Gulf single currency in doubt after Kuwait dumps dollar

KUWAIT CITY (AFP) - Kuwait's decision to stop pegging its dinar to the dollar has only confirmed speculation that oil-rich Gulf states will not be able to meet a 2010 target to launch their single currency, economists said on Monday.

"Certainly, the decision casts a serious doubt over the Gulf states' ability to launch their single currency in 2010... I think such a step is difficult now. It's premature," said Saudi National Commercial Bank chief economist Saeed al-Shaikh.

"It makes it much more difficult to prepare the necessary groundwork for a single currency... It's a step backward," Shaikh told AFP.

The Gulf Cooperation Council, which groups energy-rich Bahrain, Kuwait, Oman, Qatar, United Arab Emirates and Saudi Arabia, has already taken a number of measures in its bid to launch a monetary union and a single currency by 2010.

But last year, Oman said it would not be able to meet the target date while some countries have reportedly expressed reservations on a number of criteria, fuelling speculation that the launch date may not be met.

In a surprising decision on Sunday, Kuwait pegged the dinar to a basket of currencies, more than four years of linking it to the dollar in preparation for the single GCC currency.

"Kuwait's decision clearly confirms that the GCC states will not be able to launch their single currency in 2010... There is not enough time for them to meet the target date," Saudi economist Abdulwahab Abu-Dahesh said.

Kuwaiti officials moved to assure GCC partners that the decision did not mean withdrawing from the single currency, although they stressed the decision was taken due to the slow process and to curb inflation.

"Kuwait will continue to work towards achieving the GCC single currency... We will comply with all the economic and fiscal criteria necessary for the single currency," Finance Minister Bader al-Humaidhi said in a statement.

He said the decision was taken to curb rising inflation that reached four percent due to the weak dollar, and to cut the cost of Kuwaiti imports from countries other than the United States.

State Minister for Cabinet Affairs Faisal al-Hajji said the move was taken because the process for a GCC single currency "was moving slowly."

Shaikh said Qatar and the UAE "could resort to similar decisions in a bid to offset soaring inflation rates," resulting from the weak dollar.

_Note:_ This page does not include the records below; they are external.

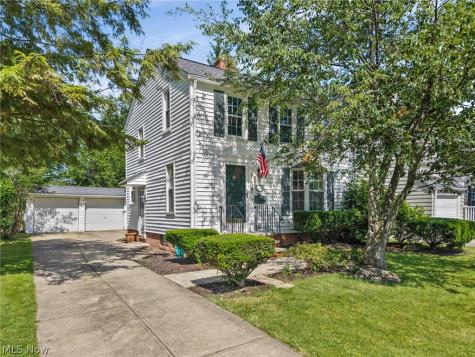 444 Canterbury Road Bay Village OH 44140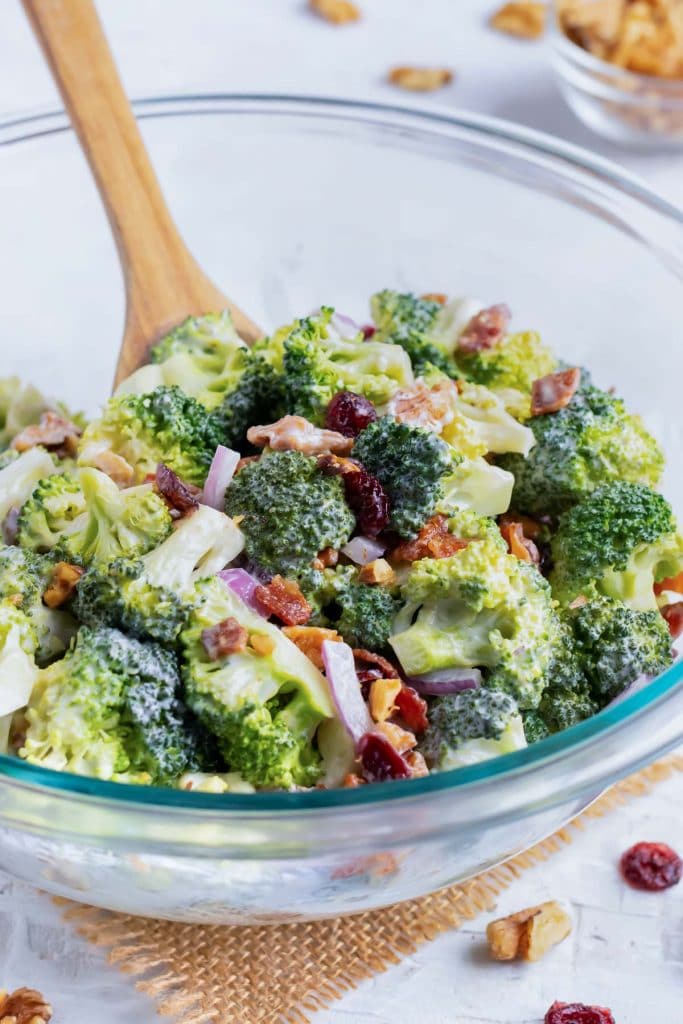Best Broccoli Bacon Salad Recipe - Evolving Table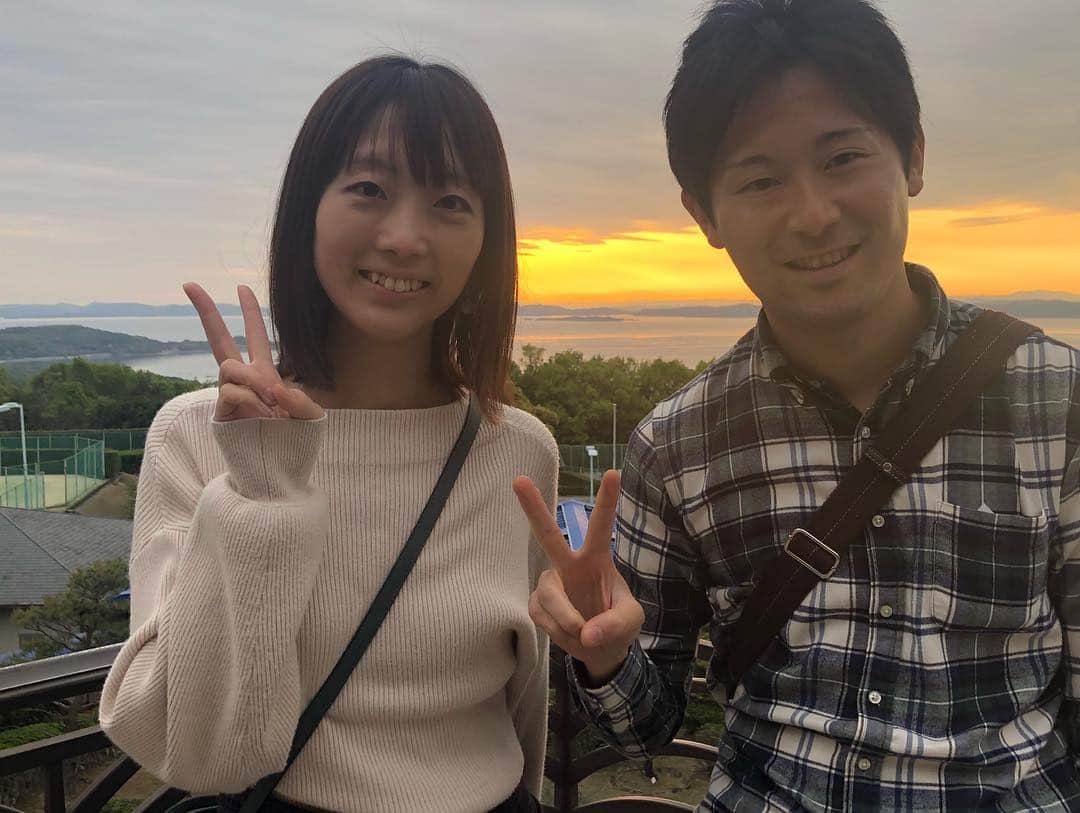 リゾートホテルオリビアン小豆島さんのインスタグラム写真 - (リゾートホテルオリビアン小豆島Instagram)「オリビアン小豆島のイベント紹介です！  瀬戸内国際芸術祭にならってオリビアン小豆島でも、アート作品をつくろう！！ ということで、ロビーでは手形ポン！アート作品を作ろう♫というものをしています。  絵の具を手のひらに塗って白い壁面に手形でいろんな表現をしてみようというものです!  早速、ちびっこ二人がアート作品を作ってくれましたよ！！ 今日の夕陽は雲がかかって綺麗には見れませんでしたが、幸せそうなお二人が印象的だったのでパシャリ！！ オリビアン小豆島で夕陽をバックに写真を撮ってみませんか？もしかしたら二人はずっと幸せになれるかもしれません！  夕陽をバックに写真撮影は毎日ロビーで開催されていますよ!! ------------------------------------------------------------------------- ◆リゾートホテル オリビアン小豆島◆ URL：https://olivean.com/  TEL：0879-65-2311  mail：olivean-shoudoshima@mystays.com  Instagram：@olivean_shodoshima  ハッシュタグ　 #olivean_shodoshima  #olivean  #オリビアン  #オリビアン小豆島 #オリビアンの夕陽 #ランチバイキング #オリビアンのランチバイキング #瀬戸内芸術祭2019 #手形でポン！ ◆レストランページはこちら↓◆ https://olivean.com/restaurants/lunch/index.html 2019年2月からランチは土日祝日のみ ランチバイキングの営業とさせていただきます。  一部：11:00～12:30 二部：11:30～13:00 三部：12:45～14:15 ◆宿泊プラン一覧はこちら↓◆ https://olivean.com/accommodation/plan/index.html --------------------------------------------------------------------------」4月28日 19時43分 - olivean_shodoshima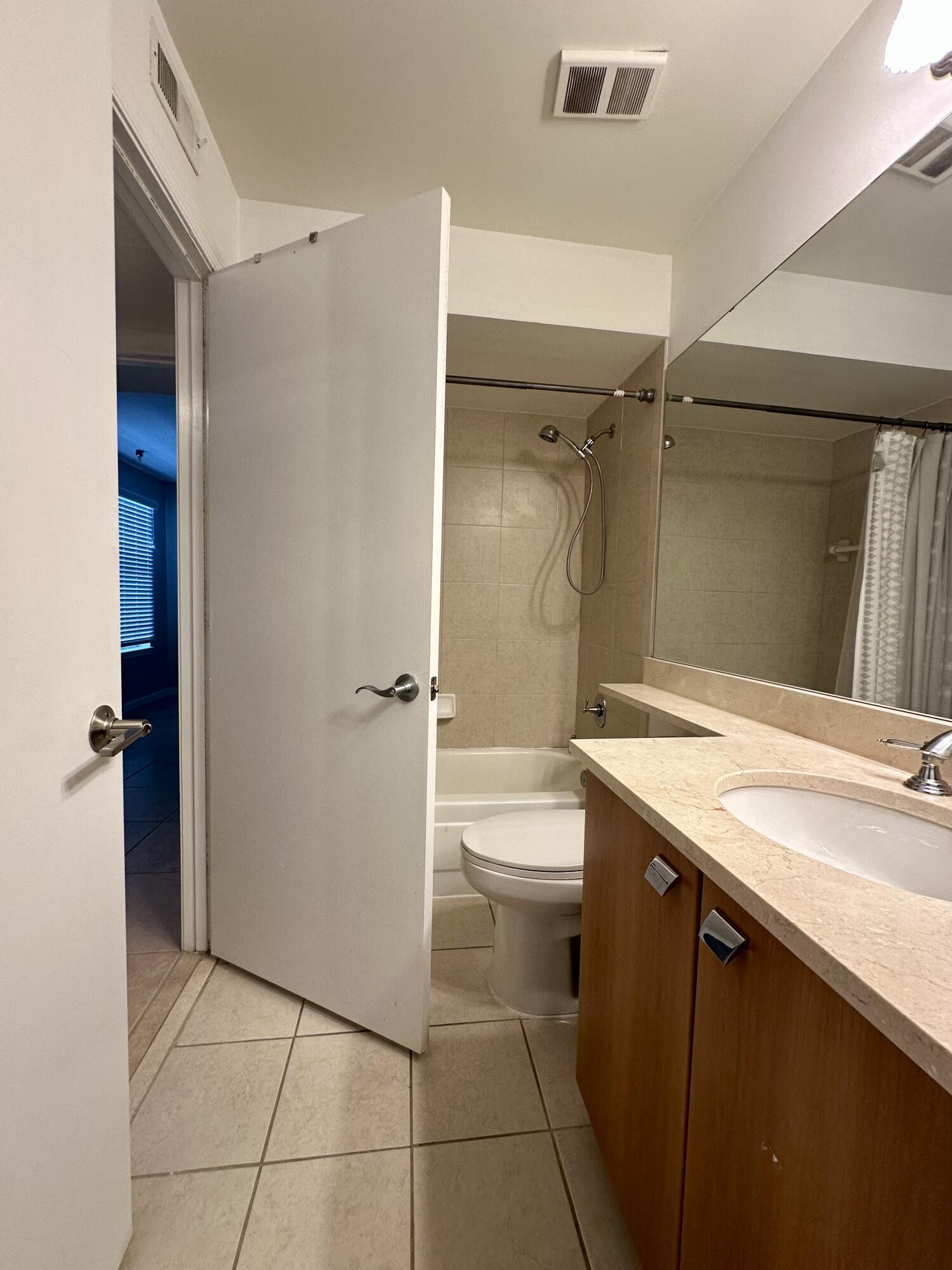 1050 Crystal Way, Unit H Delray Beach, FL 33444 - Photo 21 of 41 BahiaBathroomJacknJill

GCC states have agreed to a number of monetary union criteria but failed to reach a consensus on several key issues.

The main stumbling blocks include agreement on an inflation rate, which has soared in Qatar and UAE and the lack of political willingness by member states to relinquish part of their independence in favour of a single currency.

"I think the main problems for the single currency right now are the high inflation rates, most of it imported, and the weak dollar. GCC states can't determine if the dollar weakness is chronic or temporary," Abu-Dahesh said.

Kuwaiti economist Hajjaj Bukhdour said the emirate's decision has "dealt a heavy blow to the GCC monetary union and single currency and the 2010 target year is now impossible to meet."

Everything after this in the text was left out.